There is no question but that Lemmons’s film is important. Tubman is a figure whom most of us have heard of, but about whom most of us know few historical details. In the film, she is brought marvelously to life, but also positioned as a bit of a superhero. Surely the real woman was plagued by fear and doubt at times. In the film, she asks God for help and always receives it. She lives a long life and has a peaceful end, but the comparison with Joan of Arc (as ignorant as it may have been) feels a bit too convenient.

If the movie is at times formulaic, it is nevertheless a beautiful and emotionally rewarding tribute to the real Tubman. Lemmons draws pitch-perfect performances from her entire extraordinary cast. Erivo, in particular, is magnetic. She is in nearly every scene of the movie, and it’s really impossible to look away. Other standouts include Lemmons’s real-life son Henry Hunter Hall as Walter, a wily young bounty hunter who finds himself mesmerized — and redeemed — by Harriet’s faith. Walter, like some other secondary characters, was created for the movie. But he’s an entertaining sidekick.

Women in Hollywood spoke with Lemmons about what she hopes people will think about after seeing Harriet.

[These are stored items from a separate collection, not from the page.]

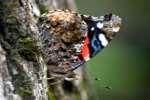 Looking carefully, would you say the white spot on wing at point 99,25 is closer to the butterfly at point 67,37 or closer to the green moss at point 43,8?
the butterfly at point 67,37

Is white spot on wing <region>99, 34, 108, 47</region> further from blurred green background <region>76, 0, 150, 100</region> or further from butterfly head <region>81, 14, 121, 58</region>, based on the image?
blurred green background <region>76, 0, 150, 100</region>

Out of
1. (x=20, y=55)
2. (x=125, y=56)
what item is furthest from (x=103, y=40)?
(x=125, y=56)

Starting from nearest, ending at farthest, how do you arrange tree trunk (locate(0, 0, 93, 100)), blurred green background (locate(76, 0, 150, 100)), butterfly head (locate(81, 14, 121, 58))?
1. tree trunk (locate(0, 0, 93, 100))
2. butterfly head (locate(81, 14, 121, 58))
3. blurred green background (locate(76, 0, 150, 100))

“I’d like people to be inspired to realize what can be achieved through sheer force of will and courage. It is hard these days to think that we can make a difference. The problems of the world seem so monumental, we are kind of bowed under, and we have this temptation to kind of keep our heads in the sand. I want this generation to be motivated by these real-life heroines. Harriet Tubman had an opportunity to relax in comfort. But she couldn’t. She felt that if she was free, her family should be free too. If she was free, others should be free too. That is what motivated her, not being satisfied with creature comforts and her own safety. She was willing to risk those things for the greater good, and I think that is a tremendous message to walk away with.”

In 2016, Treasury Secretary Jack Lew announced that Tubman would replace Andrew Jackson (a slave-owner and “exterminator of Indians”) on the twenty-dollar bill. In 2019, Lew’s successor, Treasury Secretary Steven Mnuchin, postponed the change until 2028.

We may have to wait for Tubman to appear on our currency. But telling her story is long overdue. Lemmons’s film is a first-rate place to start.